WASHINGTON -- Martin Marietta Corp. announced yesterday that it will acquire the Space Systems division of General Dynamics Corp. for $208.5 million.
The acquisition -- Martin Marietta's second major purchase in the past 13 months -- would probably make the Bethesda-based aerospace company the world's leader in the highly competitive space launch market, and leave it and McDonnell Douglas Corp. the country's only rocket makers.
In November last year, Martin Marietta agreed to purchase General Electric Co.'s aerospace division in a transaction valued at more than $3 billion.
General Dynamics' Space Systems division, based in San Diego, is best known for its production of the Atlas rocket, the nation's first intercontinental ballistic missile and the craft that powered astronaut John Glenn into orbit.
Martin Marietta makes Titans -- which have double the Atlas' lifting capacity -- and McDonnell Douglas manufactures the Delta, the lighter of the three rocket families.
"This acquisition allows us to enter the intermediate launch vehicle market with General Dynamics' Atlas booster," Norman R. Augustine, chairman and chief executive of Martin Marietta, said in a closed-circuit television news conference from San Diego.

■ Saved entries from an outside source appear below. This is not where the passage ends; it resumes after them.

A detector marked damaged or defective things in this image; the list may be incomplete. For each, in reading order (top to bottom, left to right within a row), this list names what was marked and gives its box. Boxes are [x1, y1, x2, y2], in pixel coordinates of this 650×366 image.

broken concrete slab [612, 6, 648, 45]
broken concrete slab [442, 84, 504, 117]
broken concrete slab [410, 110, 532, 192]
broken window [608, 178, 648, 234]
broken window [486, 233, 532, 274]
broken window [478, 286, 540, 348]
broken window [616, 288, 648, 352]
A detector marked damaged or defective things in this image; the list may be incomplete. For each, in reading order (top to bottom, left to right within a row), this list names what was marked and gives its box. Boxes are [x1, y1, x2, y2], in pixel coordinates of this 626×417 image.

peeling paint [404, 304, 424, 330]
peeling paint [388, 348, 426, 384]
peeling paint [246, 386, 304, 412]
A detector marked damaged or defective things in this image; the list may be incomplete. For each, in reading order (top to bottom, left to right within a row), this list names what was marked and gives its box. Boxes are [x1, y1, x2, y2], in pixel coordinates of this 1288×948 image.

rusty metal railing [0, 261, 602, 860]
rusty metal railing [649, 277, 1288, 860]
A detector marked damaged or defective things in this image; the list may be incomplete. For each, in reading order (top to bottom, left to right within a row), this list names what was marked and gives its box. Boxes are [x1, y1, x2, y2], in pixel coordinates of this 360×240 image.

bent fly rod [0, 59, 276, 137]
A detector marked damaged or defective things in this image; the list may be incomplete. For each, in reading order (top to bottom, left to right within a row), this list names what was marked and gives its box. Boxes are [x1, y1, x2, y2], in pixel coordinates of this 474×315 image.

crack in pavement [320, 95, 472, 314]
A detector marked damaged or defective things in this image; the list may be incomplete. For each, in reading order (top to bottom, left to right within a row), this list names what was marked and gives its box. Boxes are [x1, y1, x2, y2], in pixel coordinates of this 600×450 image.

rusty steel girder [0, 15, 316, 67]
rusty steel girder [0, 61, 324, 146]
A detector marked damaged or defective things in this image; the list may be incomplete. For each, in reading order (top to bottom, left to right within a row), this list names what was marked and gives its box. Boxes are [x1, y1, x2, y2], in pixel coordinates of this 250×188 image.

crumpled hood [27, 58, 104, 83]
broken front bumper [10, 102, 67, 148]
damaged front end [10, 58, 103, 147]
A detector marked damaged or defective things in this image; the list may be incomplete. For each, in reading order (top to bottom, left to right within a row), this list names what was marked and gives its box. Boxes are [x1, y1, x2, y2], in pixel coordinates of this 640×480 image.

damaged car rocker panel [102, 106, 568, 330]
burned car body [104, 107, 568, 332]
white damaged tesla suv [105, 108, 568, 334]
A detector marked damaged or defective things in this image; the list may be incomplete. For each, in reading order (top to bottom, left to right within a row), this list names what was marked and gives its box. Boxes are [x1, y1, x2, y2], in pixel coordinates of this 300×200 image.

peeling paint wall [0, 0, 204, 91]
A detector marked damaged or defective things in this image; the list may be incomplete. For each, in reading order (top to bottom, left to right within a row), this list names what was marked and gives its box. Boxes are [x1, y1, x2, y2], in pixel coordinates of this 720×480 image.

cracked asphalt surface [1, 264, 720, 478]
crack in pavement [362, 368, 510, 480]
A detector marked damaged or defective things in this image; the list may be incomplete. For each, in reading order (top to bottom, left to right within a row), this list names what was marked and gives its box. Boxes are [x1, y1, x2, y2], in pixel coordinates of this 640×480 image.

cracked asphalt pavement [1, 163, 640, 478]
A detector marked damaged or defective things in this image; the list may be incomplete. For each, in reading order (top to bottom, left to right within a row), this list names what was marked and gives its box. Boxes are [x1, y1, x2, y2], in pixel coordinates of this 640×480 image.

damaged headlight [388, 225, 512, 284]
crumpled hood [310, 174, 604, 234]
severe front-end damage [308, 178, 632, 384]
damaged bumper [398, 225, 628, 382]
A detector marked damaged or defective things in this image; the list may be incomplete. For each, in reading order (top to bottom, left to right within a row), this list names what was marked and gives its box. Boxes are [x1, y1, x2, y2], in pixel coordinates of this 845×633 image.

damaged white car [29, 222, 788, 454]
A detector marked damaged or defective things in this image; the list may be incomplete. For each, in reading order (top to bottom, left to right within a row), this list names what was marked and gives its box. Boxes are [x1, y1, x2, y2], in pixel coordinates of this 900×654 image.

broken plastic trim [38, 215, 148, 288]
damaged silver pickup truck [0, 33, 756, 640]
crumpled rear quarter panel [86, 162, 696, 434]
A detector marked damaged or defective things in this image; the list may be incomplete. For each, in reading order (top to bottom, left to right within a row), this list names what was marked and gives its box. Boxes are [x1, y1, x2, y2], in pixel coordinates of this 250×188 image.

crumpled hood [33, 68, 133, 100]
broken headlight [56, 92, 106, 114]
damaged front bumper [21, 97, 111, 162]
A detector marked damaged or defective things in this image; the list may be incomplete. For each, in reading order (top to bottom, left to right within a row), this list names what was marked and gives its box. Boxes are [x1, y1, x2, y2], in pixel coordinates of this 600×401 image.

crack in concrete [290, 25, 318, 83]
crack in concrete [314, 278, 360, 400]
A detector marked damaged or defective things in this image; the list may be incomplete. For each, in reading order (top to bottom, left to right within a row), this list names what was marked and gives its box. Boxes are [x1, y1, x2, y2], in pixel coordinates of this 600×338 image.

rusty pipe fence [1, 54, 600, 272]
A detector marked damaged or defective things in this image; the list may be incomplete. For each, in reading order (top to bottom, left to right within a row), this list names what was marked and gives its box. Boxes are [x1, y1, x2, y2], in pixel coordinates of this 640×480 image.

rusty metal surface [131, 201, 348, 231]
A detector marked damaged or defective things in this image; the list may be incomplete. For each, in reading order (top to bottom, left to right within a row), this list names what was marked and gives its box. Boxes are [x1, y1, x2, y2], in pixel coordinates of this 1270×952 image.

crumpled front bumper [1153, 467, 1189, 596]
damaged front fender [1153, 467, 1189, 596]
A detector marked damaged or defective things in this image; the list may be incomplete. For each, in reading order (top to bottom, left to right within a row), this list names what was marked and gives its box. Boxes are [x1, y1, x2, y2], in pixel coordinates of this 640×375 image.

"Combining General Dynamics Space Systems -- which has military, civil government and commercial customers -- with Martin Marietta advances our strategy to benefit from industry -- consolidation and further develop our current strengths."
The merger is likely to result in the elimination of some division jobs, Mr. Augustine said. "These are challenging times for our industry," he said. "But I would hope that both of us together would preserve more jobs in the long term then either one of us would do alone."
General Dynamics' space division lost $41 million last year on sales of about $500 million. James R. Mellor, the company's chief executive, said the division probably will lose money again this year, but begin "turning the corner" in 1994.
Paul H. Nisbet, president of JSA Research in Newport, R.I., which concentrates on the aerospace industry, said he "was not wild about" the acquisition. "I'm not quite sure why they are doing it. Maybe it's because of General Dynamics' Centaur upper-stage rocket that is used to put satellites into high orbit."
Martin Marietta has 94,000 workers in 37 states, including 780 at its Bethesda corporate headquarters. The company said in October that it expects to cut about 40 percent of that staff.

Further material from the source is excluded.